Drudge has his front page smeared with rantings about a blame-the-Russians
Washington Times piece. John A. "Jack" Shaw, deputy undersecretary for international technology security is quoted as having "reliable information" that Russia is behind the 342 tons of missing explosives from al Qaqaa.
Since trust is an important factor in this campaign season, you should know that John Shaw is not the poster child for trust.
After disguising himself as an employee of Halliburton Co, Shaw urged government officials to fix the alleged problems he found when he got access to a port in southern Iraq, directing multimillion-dollar contracts to companies linked to his friends, without competitive bidding. According to an
LA Times story of July 6, 2004, Shaw has also tried to steer a contract to create an emergency phone network for Iraq's security forces to a company whose board of directors included a friend and one of Shaw's employees. The inspector general's office has turned over an inquiry into Shaw's actions to the FBI.

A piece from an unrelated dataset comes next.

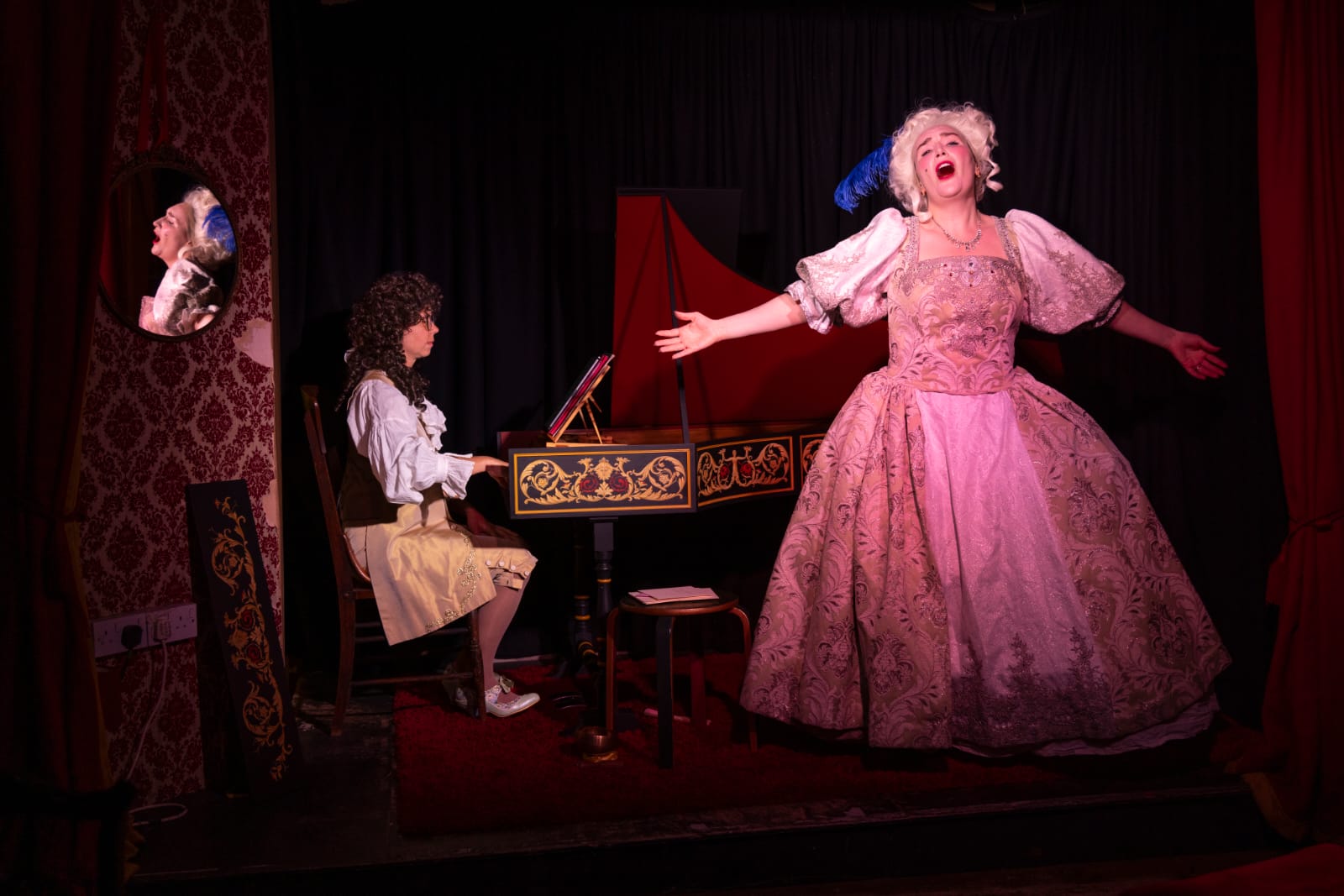 Performer as Marie Antoinette singing with the accompaniment of a keyboard player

Knowing that Shaw used the rebuilding effort in Iraq to reward associates and/or political allies makes him less than a credible source, especially in the last week of the presidential campaign season. I think Shaw is doing it again. He's lying again while trying to secure a great job for one of his cronies. This time it's George W. Bush.
At a time when Putin is practically campaigning for Bush, it's interesting that anyone in the Bush administration would make these accusations about Russia. You would think this would be a time when the administration would be particularly sensitive toward Russia. After all, Russia has suspected the U.S. has supported anti-Russian Chechen forces in an effort to keep Russia pinned down. After the Beslan incident, Presidents Putin and Bush could have been holding an anti-terrorism summit and the two countries could have been expanding security cooperation with a focus on anti-terrorism. British prime minister Tony Blair has understood the importance of playing a leading role in developing a strong relationship with Russia after the Beslan terror attack. It is not so with the Bush administration. The Bush campaign has found it politically necessary to accuse Russia of ripping off the 342 tons of explosives. Another Bush International Affairs blunder.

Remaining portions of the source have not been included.